- **What you will do**:
Leave out the pictures and output exactly the lines below from the one with "All right y'all, I'm" down to the one with "The outsole features", both of them included.

- **Supplied data**:
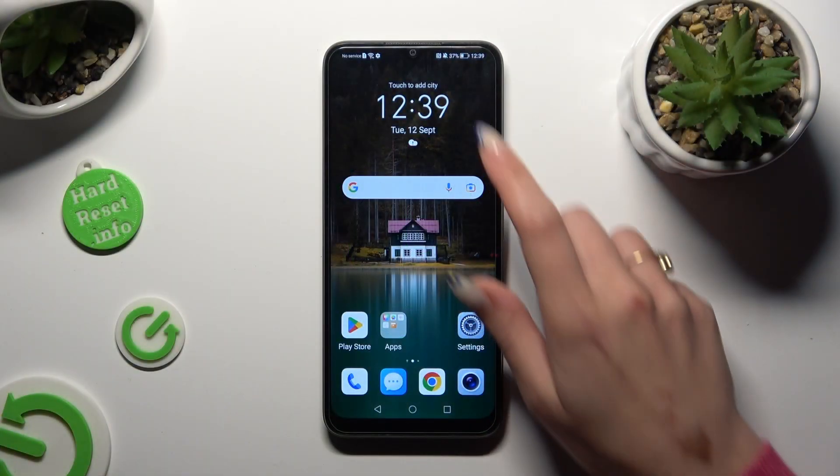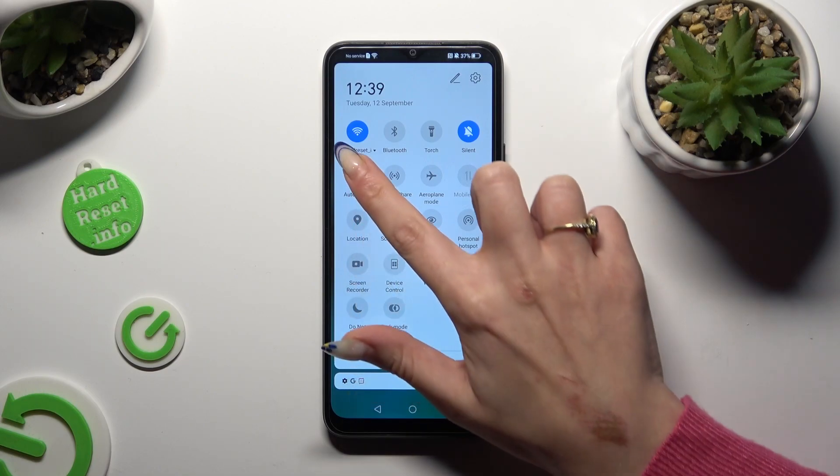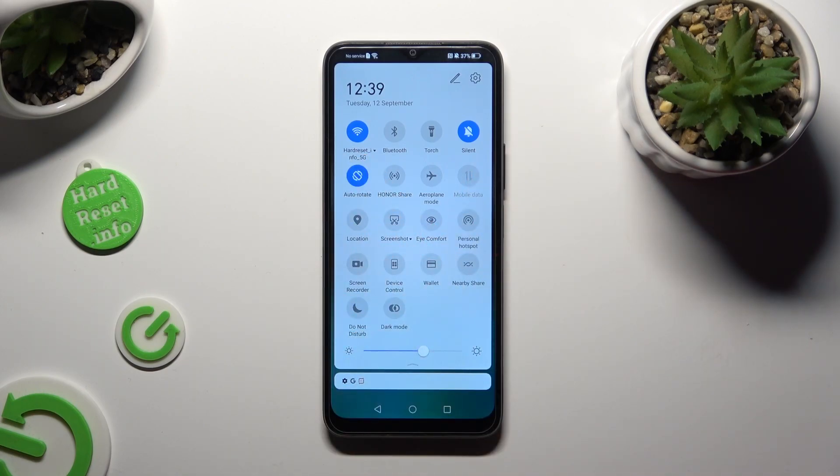By going into the tab menu and looking for the auto-rotate shortcut. When you find it, click on it. As you can see, mine is now blue — that means that auto-rotation is enabled. But you can always disable it by tapping on the same shortcut again.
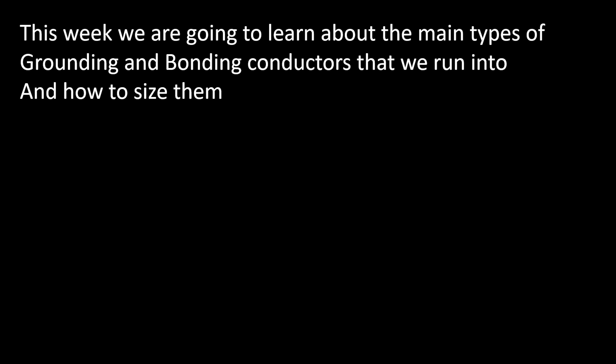All right y'all, I'm super excited about today's video. Today we're going to be learning about the main types of grounding and bonding conductors that we run into and how to size them.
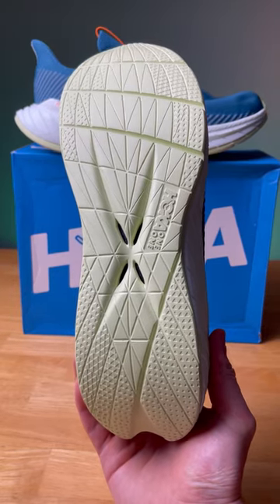The outsole features no rubber on it, just like its predecessor. Instead, it features something called rubberized EVA foam, which enables the shoe to stay light.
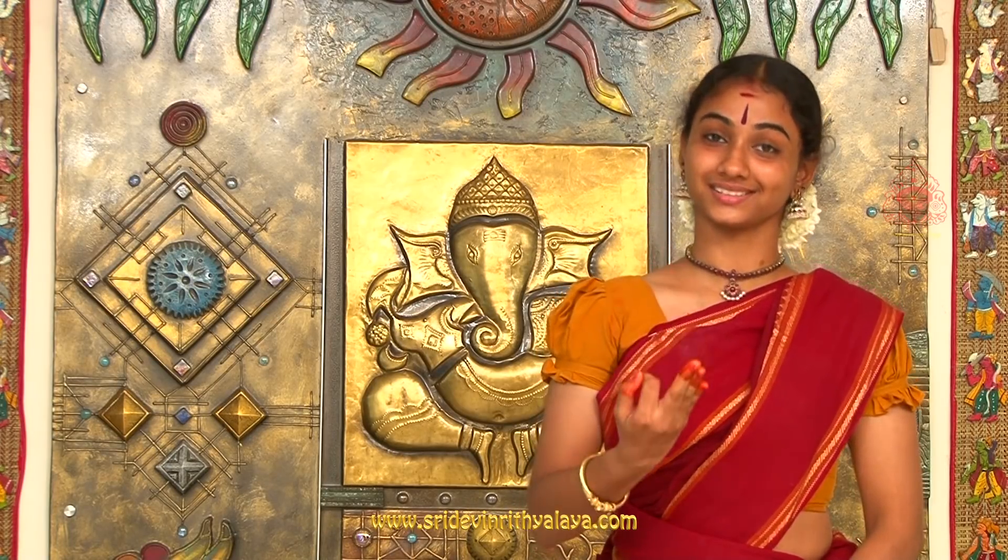Bharatanatyam, one of the ancient dance styles of India, incorporates the essence of Natya Shastra written by Sage Bharata. Bharatanatyam is classified into three elements: Natyam, Drittam, and Nrithyam.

- **Written answer**:
All right y'all, I'm super excited about today's video. Today we're going to be learning about the main types of grounding and bonding conductors that we run into and how to size them.
The outsole features no rubber on it, just like its predecessor. Instead, it features something called rubberized EVA foam, which enables the shoe to stay light.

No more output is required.